We set off for Cromarty on the tip of the Black Isle. It was always mentioned on the old BBC shipping forecast being one of the sea areas in the North Sea. I had to go there. We stopped and took in the peaceful view. There looks like an oil rig repair yard across the bay and parts for an offshore wind farm.

We crossed the Cromarty Firth and climbed into the hills to the North stopping at the viewpoint at Dornoch Firth before heading for Bonar bridge and a stop at a cafe in Lairg. A quirky little house sits on an island in the loch just to the south of Lairg. A photo op. 

The wee hoos of Lairg. on Loch Shin. Click the link for more.

From Lairg we climbed again and headed east along a single track road with stunning scenery to join the main highway North towards Wick. We had wanted a coffee there but could not find a cafe so pressed on to John O’ Groats for the obligatory photo at the sign post. Well why not.

I wanted to visit the NE tip of Scotland at Duncansby Point having rounded it many times on ships entering the Pentland Firth. The tide rips through here at up to 8 knots. It was today. The water appeared to boil.

A final stop at Dunnet Head lighthouse, the northern tip of mainland Britain was at the end of a winding and remote single rack road. Well worth the effort.

Click the highlighted links for more information.

Our lodgings for the night are in Murkle just to the east of Thurso. Valley View B&B. I will let you know more tomorrow. 

I’m keeping a close eye on the weather for the coming days. Looks like a change coming on Sunday perhaps. 

Scotland Motorcycle trip day 2. Perth to Smithton. 192 miles.

The Huntingtower hotel to the west of Perth city. Stunning morning.

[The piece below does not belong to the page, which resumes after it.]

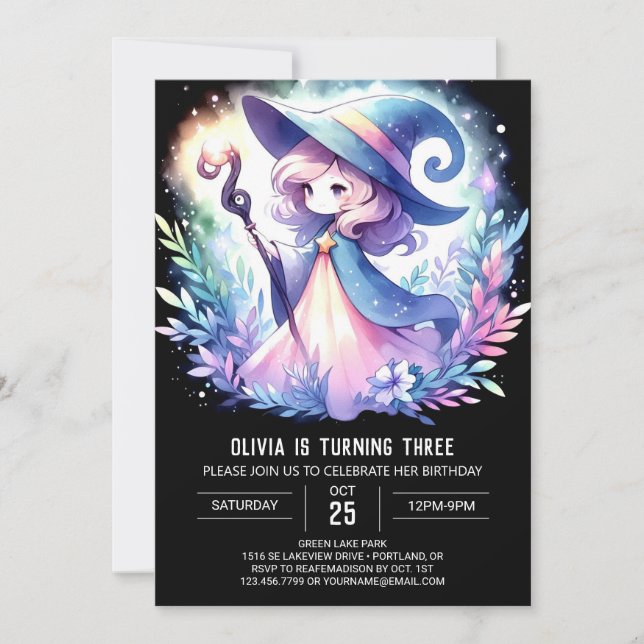 Whimsical Magic Wizard Birthday Invitation (Front)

Day two dawned bright and sunny. The Huntingtower hotel is set in beautiful grounds. We gave it 8/10. It would have got a 10 but at 4am an awful noise eminated from a vent fan for 20 minutes right outside our window and that was a good nights rest ruined.

Nearly ready to depart.

Not to worry. We set off on a superb morning for the ride north to our next destination, Smithton which lies just to the east of Inverness.

It was a journey that was supposed to be 150 miles but a road closure meant we had to take a diversion of around 40 miles further east to get to our destination. The road from Perth to Braemar at the foot of the Cairngorm mountains is motorcycling heaven. Twisty, scenic and relatively traffic free.

On top of the Cairngorms. So reminiscent of the Mackenzie country in New Zealand.

We dropped down into Braemar for a coffee and use the loo before taking the old military road to Balmoral Castle. A brief stop was needed to just soak up the peace and quiet of the place.

Motorcycle helmets do not go well with nice hair do’s. Balmoral Castle for a rest break.

From Balmoral we had to take a large diversion to reach the small town of Tomintoul as a bridge on the original road, Cock Bridge, is being replaced. The alternative road was simply stunning but added to our ride considerably. Next town was Grantown on Spey and to our next stop at Culloden Battlefield. (link to the battlefield website) Like all battlefields I have visited I find it hard to imagine the magnitude of what occurred. But it is a place of peace and quiet and contemplation. It is a place I have wanted to visit for a long time. I was not disappointed.

I will leave you with some photos taken at the site. They can never do it justice. You need to see the place for yourself.

So that was day 2. Tomorrow we strike North again to John O’ Groats and Thurso and so far the weather looks to be holding. Fingers crossed.

Scotland Motorcycle trip. Day one. Moffat to Perth.

The Ladies of the Meet and Eat in Cardrona.

We set off for the 151 mile run to our next stop in Perth. This is a mix of moorland roads, vallets and some suburbia. The road from Moffat to Selkirk winds its away along valleys and beside reservoirs. It was a cool and damp morning. The cloud hung low over the peaks beside us. We paused briefly for a photo stop beside an old AA box that would have been a common sight alongside the roads of Britain in the 50s and 60s. Alas no more.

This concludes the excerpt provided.